Stored data |
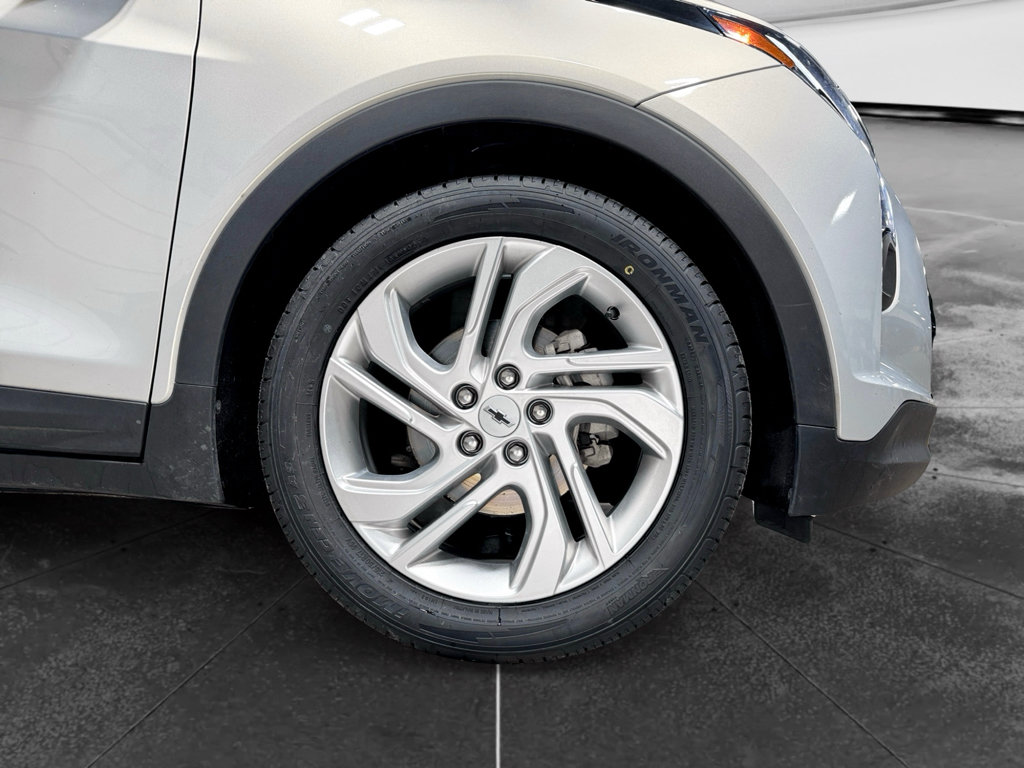 Used 2023 Chevrolet Bolt LT w/ Driver Confidence Package FWD image 33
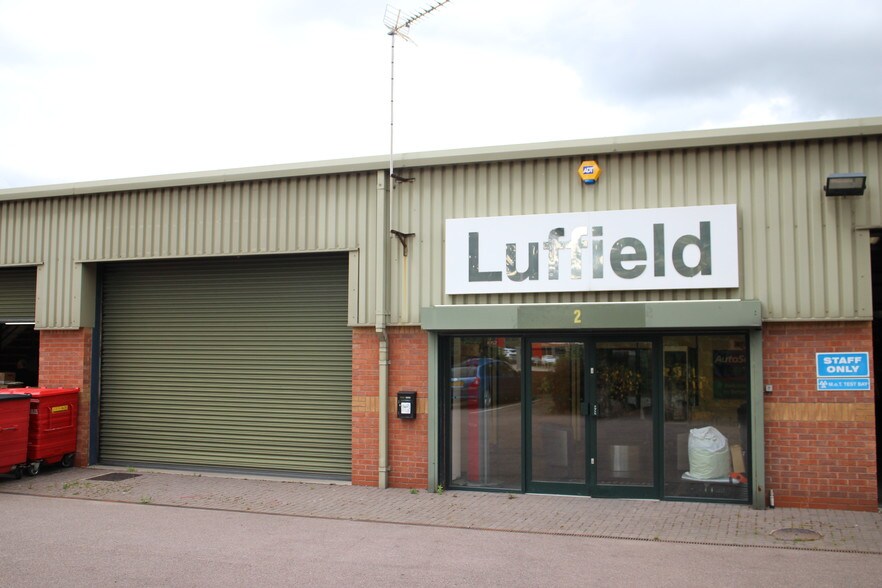 Belton Rd, Loughborough, LE11 1LW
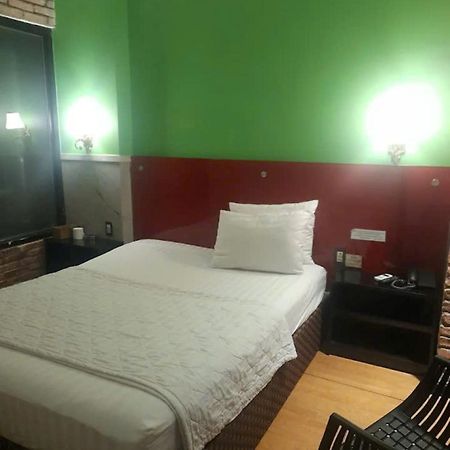 Gia Huyen Hotel ホーチミン市 エクステリア 写真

Work request | Repeat the material above in full and unchanged, minus its images.

Your solution |
 Used 2023 Chevrolet Bolt LT w/ Driver Confidence Package FWD image 33
 Belton Rd, Loughborough, LE11 1LW
 Gia Huyen Hotel ホーチミン市 エクステリア 写真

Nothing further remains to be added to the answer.